Another machine to extract CO2 from the air was announced earlier
this year by Columbia University. The announcement pointed out that
the captured carbon dioxide could then be buried in the ground. We
predict that this machine will quickly attract major investment from
oil and coal corporations. As we'll see, it is exactly what
they need.

4. Carbon capture and storage: Here, finally, we come to the only
approach strongly favored by the U.S. government, by the coal, oil,
automobile, mining and railroad industries, by teams of researchers at
more than a dozen universities, and by several of the big
environmental organizations in Washington and New York (Environmental
Defense, Natural Resources Defense Council [NRDC], The Izaak Walton
League, The Clean Air Task Force, and even the Union of Concerned
Scientists, among others). This is the basket our eggs are in.

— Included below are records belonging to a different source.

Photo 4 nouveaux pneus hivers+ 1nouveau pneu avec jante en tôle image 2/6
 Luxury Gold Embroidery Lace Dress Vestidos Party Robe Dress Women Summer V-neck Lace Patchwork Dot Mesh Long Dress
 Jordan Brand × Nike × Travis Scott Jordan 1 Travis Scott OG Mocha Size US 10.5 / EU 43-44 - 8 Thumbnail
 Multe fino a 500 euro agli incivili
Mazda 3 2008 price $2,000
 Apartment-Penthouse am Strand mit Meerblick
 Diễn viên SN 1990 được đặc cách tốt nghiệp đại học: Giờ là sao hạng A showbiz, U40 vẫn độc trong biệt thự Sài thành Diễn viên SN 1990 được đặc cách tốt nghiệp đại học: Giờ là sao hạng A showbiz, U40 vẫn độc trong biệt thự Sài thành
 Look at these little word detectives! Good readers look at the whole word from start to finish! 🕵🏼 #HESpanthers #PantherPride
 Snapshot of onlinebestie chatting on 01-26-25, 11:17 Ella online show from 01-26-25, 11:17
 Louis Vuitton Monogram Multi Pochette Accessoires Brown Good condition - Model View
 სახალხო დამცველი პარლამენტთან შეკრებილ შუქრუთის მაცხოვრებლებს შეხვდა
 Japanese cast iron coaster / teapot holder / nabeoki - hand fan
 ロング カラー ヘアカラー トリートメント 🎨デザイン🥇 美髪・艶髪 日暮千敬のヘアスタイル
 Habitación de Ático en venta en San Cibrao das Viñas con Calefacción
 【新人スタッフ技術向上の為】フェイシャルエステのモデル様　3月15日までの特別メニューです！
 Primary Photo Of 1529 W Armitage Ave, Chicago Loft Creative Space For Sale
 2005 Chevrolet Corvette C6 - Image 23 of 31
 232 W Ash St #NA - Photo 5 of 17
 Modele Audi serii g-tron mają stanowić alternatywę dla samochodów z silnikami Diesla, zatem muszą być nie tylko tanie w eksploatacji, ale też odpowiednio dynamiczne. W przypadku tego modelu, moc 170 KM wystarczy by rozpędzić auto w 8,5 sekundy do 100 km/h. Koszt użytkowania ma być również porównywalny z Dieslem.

The plan is to extract CO2 from industrial smoke stacks (or from the
open air), compress it into a liquid, and pump it 3000 to 8000 feet
below ground, hoping it will stay there forever. This plan is known as
CCS, which stands for carbon capture and sequestration, or carbon
capture and storage.

Of all the options described above, only CCS is being vigorously
pursued. The U.S. Department of Energy has allocated roughly $2
billion to CCS projects that are going on now in 41 states. More
than a dozen universities are researching the pros if not the cons.
Several prominent environmental organizations have enthusiastically
endorsed the plan, even before a decade of necessary research has
begun. It is no exaggeration to say that CCS has become a bandwagon --
or a juggernaut.

Very few people have heard of CCS; in the U.S., at least, it is
essentially invisible. Yet it is so far along that it looks like a
done deal, almost unstoppable. It seems clear that coal and oil
corporations and their camp followers are counting on CCS to solve the
global warming problem. CCS is a major industrial plan; all other
proposed solutions to global warming are tinker toys by comparison.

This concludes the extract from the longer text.